Entries shown -
►

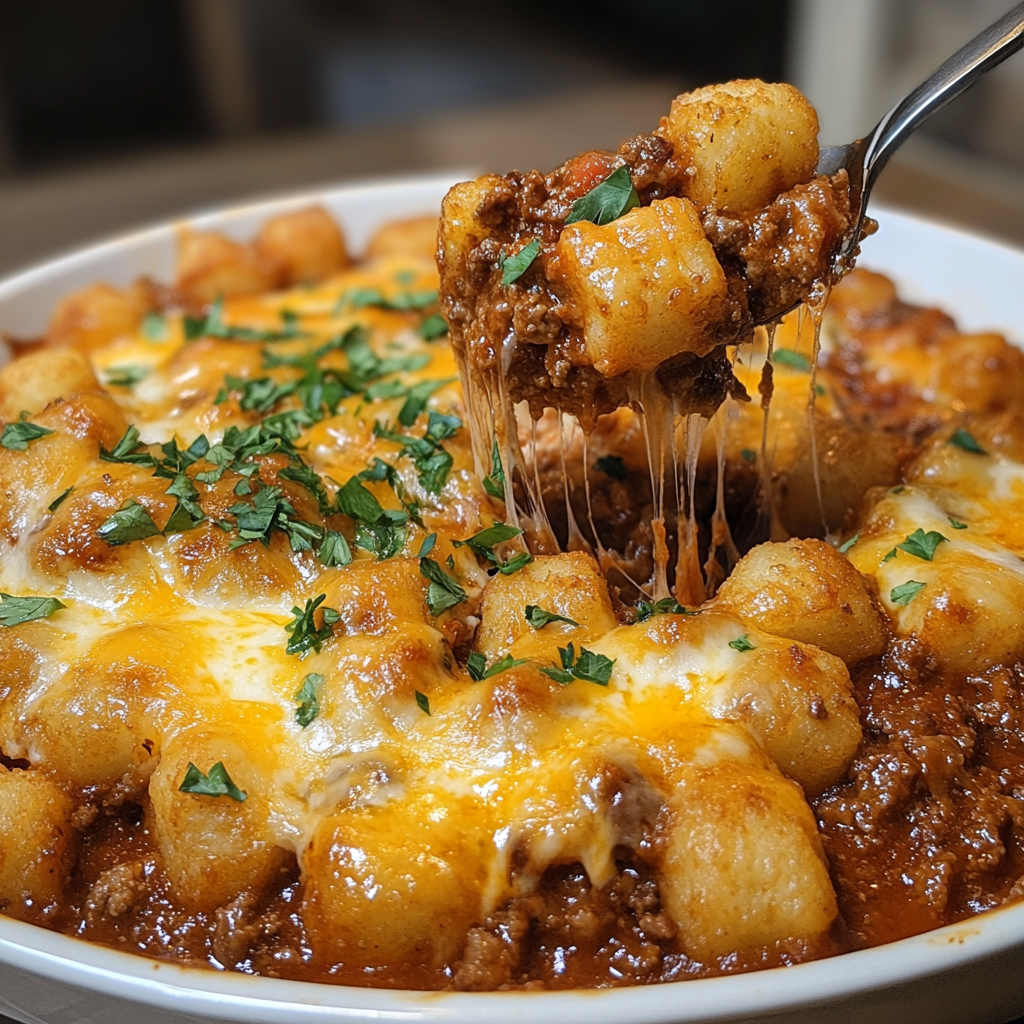 Recipe preparation for Sloppy Joe Tater Tot Casserole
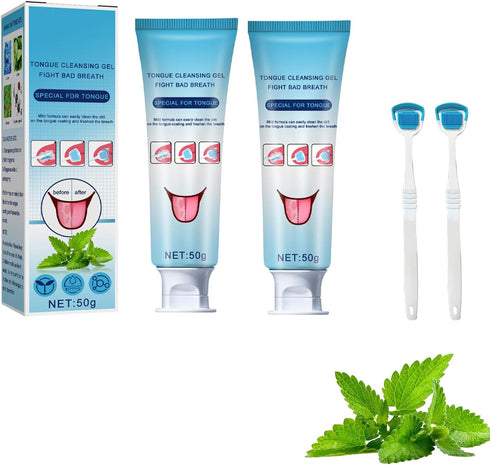 Oral Hygiene Brush & Tongue Cleansing Gel, Probiotic Tongue Cleaning Gel Set,Tongue Cleaning Paste, Maintain Oral Health (2pcs-Mint&Peach)...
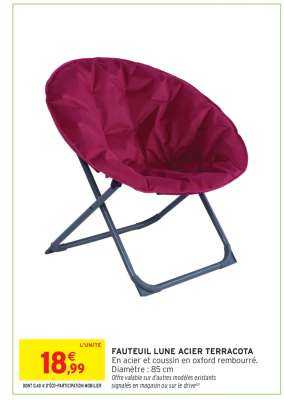 FAUTEUIL LUNE ACIER TERRACOTA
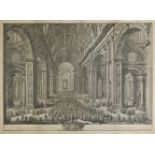 *Vasi (Guiseppe Agostino, 1710-1782). L'Interno della Basilica Vaticana, 1774, etching on laid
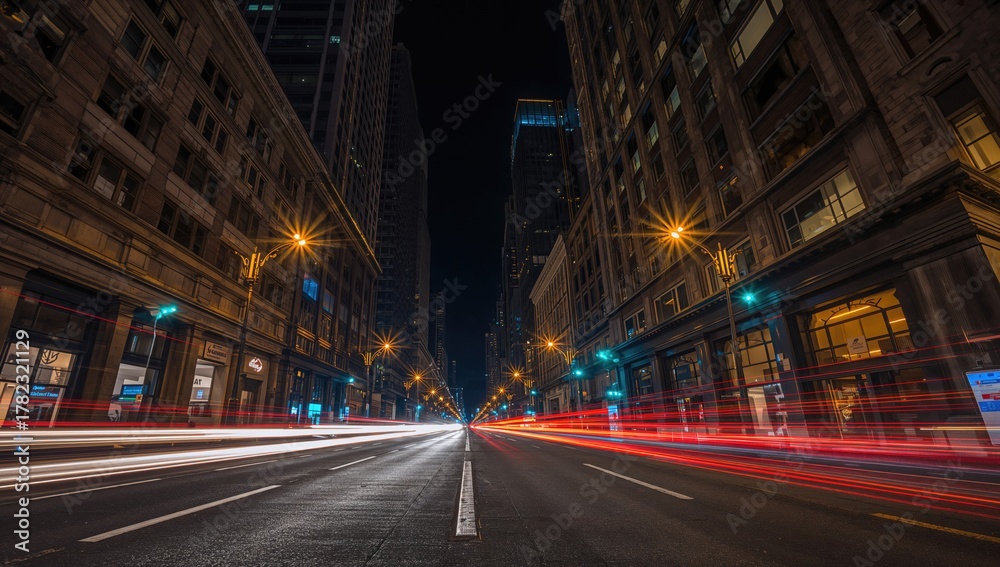 Obraz premium Light trails on a city street at night, creating a dynamic visual effect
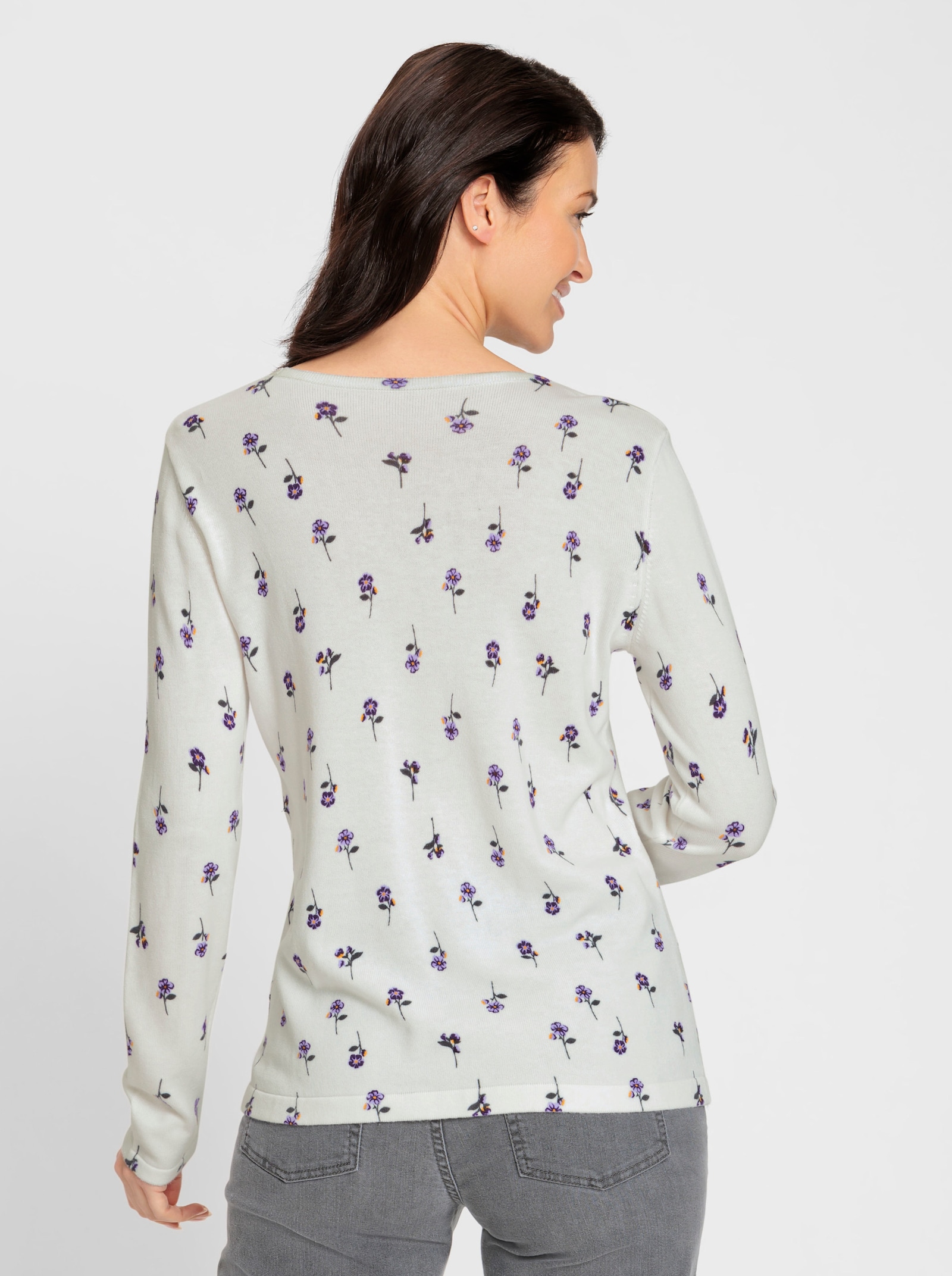 Feinstrickpullover mit Blumen-Dessin - ecru-bedruckt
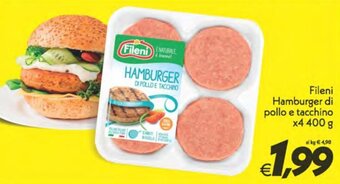 Fileni Hamburger di pollo e tacchino x4 400 g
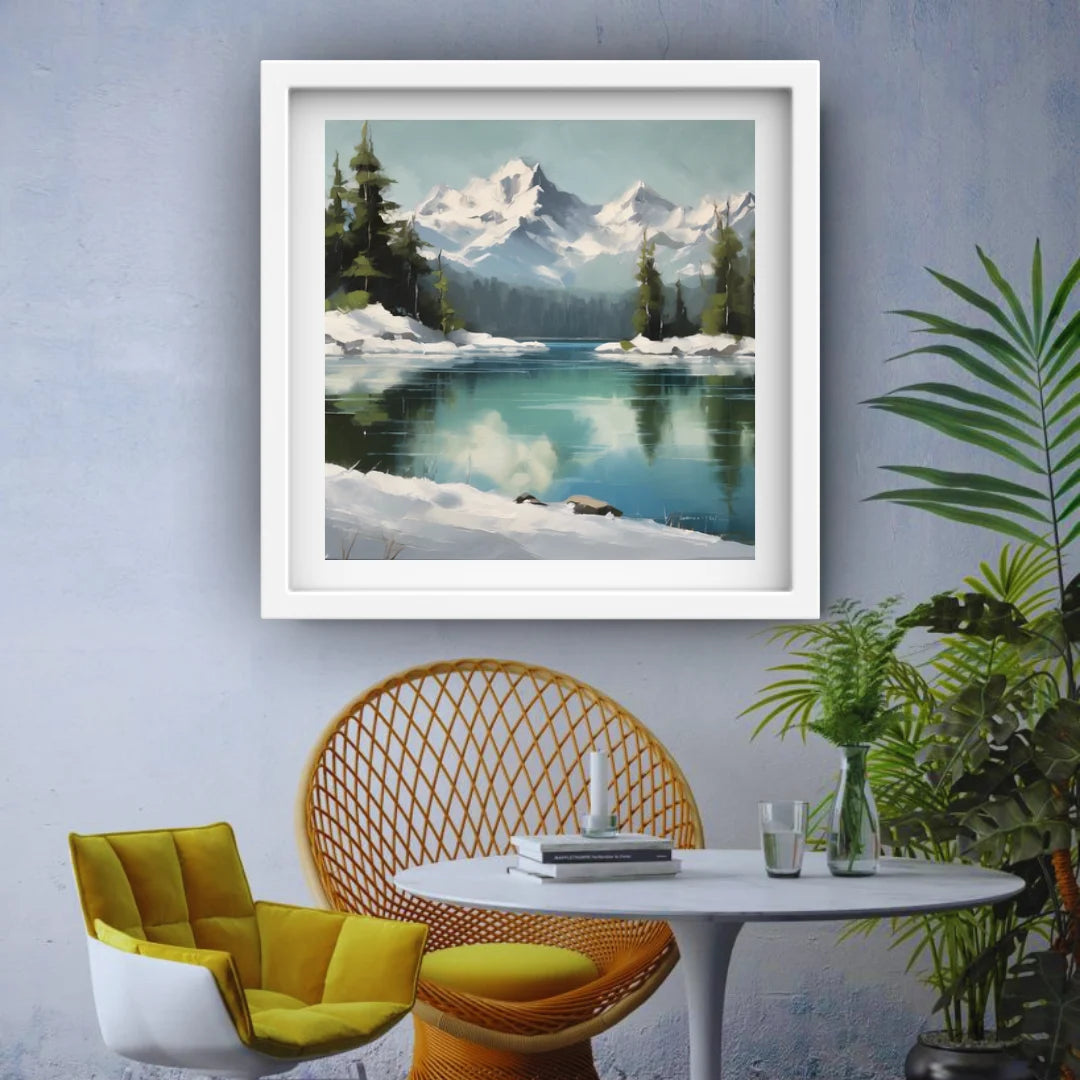 Framed mountain landscape painting above a modern living room setup with chairs and plants.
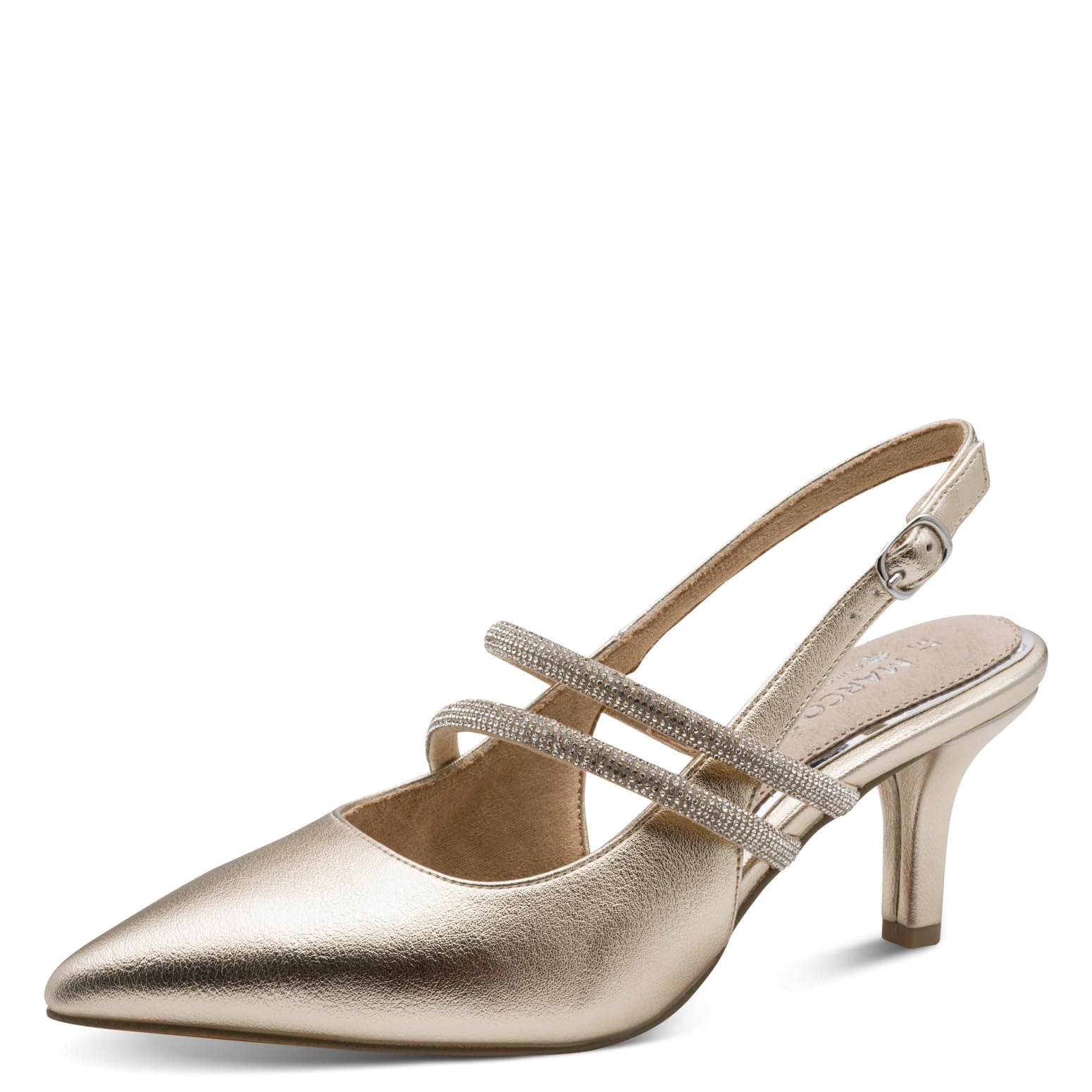MARCO TOZZI Women’s Pumps Soft Feel Me Footbed Leather Insole Fashionable, Metallic (Gold), 5.5 UK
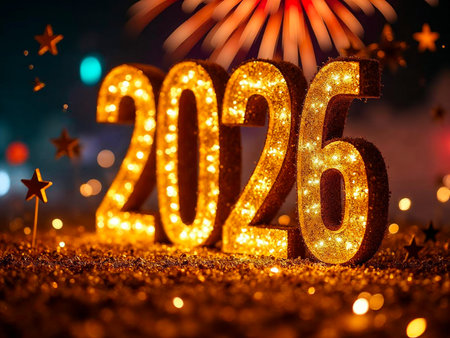 Glittering happy new year 2026 with glowing sparkles and colorful fireworksの素材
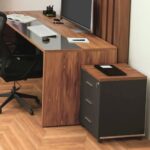 Office Drawer Unit Oscar Walnut Anthracite 40x63cm (2)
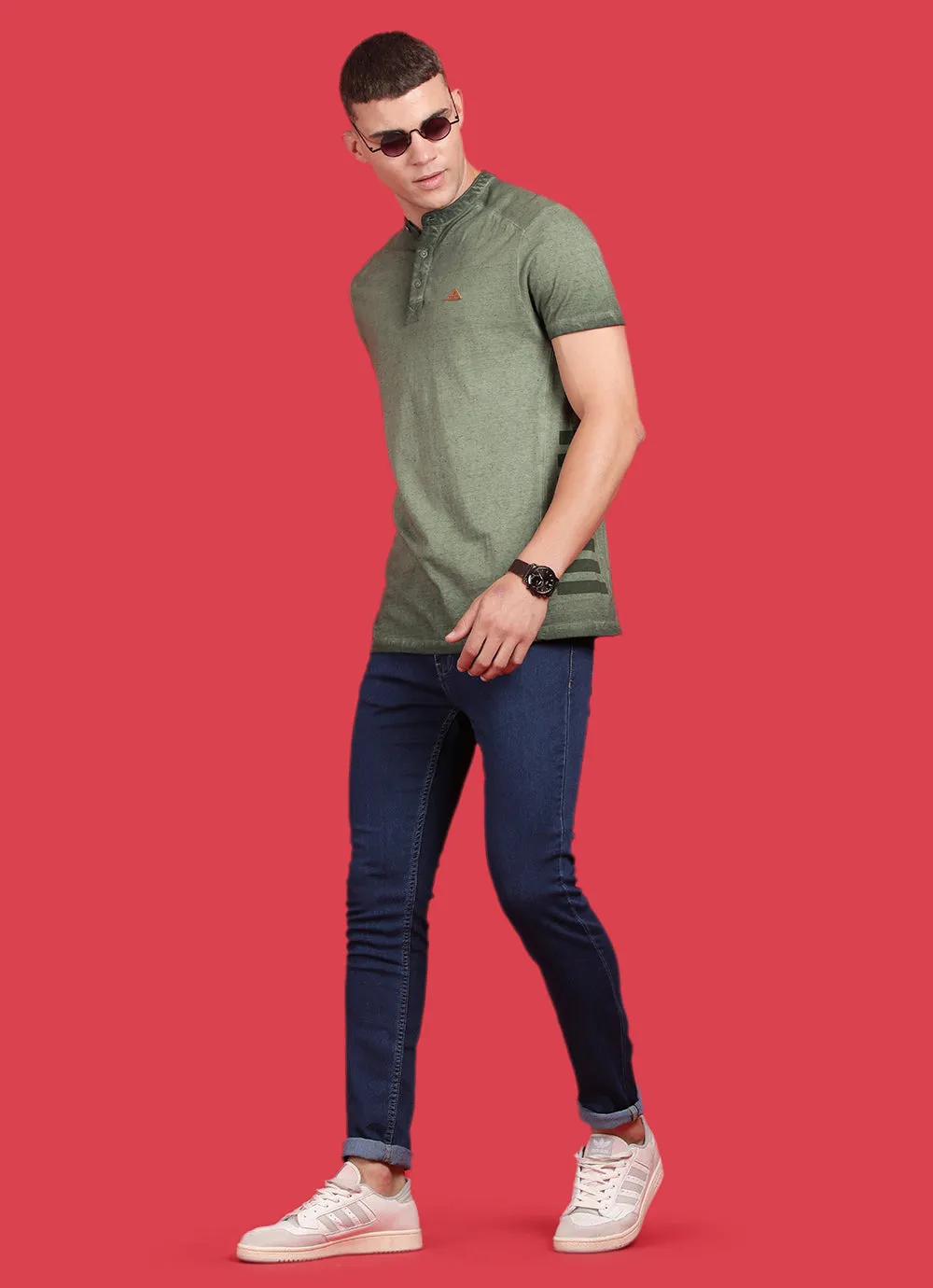 Green Cotton  Henley Tshirt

◄

Your objective - Pictures are not part of the copy; reproduce exactly and only the lines from the line containing "FAUTEUIL LUNE ACIER TERRACOTA" through the end of the listing.

Solution to the exercise -
 FAUTEUIL LUNE ACIER TERRACOTA
 *Vasi (Guiseppe Agostino, 1710-1782). L'Interno della Basilica Vaticana, 1774, etching on laid
 Obraz premium Light trails on a city street at night, creating a dynamic visual effect
 Feinstrickpullover mit Blumen-Dessin - ecru-bedruckt
 Fileni Hamburger di pollo e tacchino x4 400 g
 Framed mountain landscape painting above a modern living room setup with chairs and plants.
MARCO TOZZI Women’s Pumps Soft Feel Me Footbed Leather Insole Fashionable, Metallic (Gold), 5.5 UK
 Glittering happy new year 2026 with glowing sparkles and colorful fireworksの素材
 Office Drawer Unit Oscar Walnut Anthracite 40x63cm (2)
 Green Cotton  Henley Tshirt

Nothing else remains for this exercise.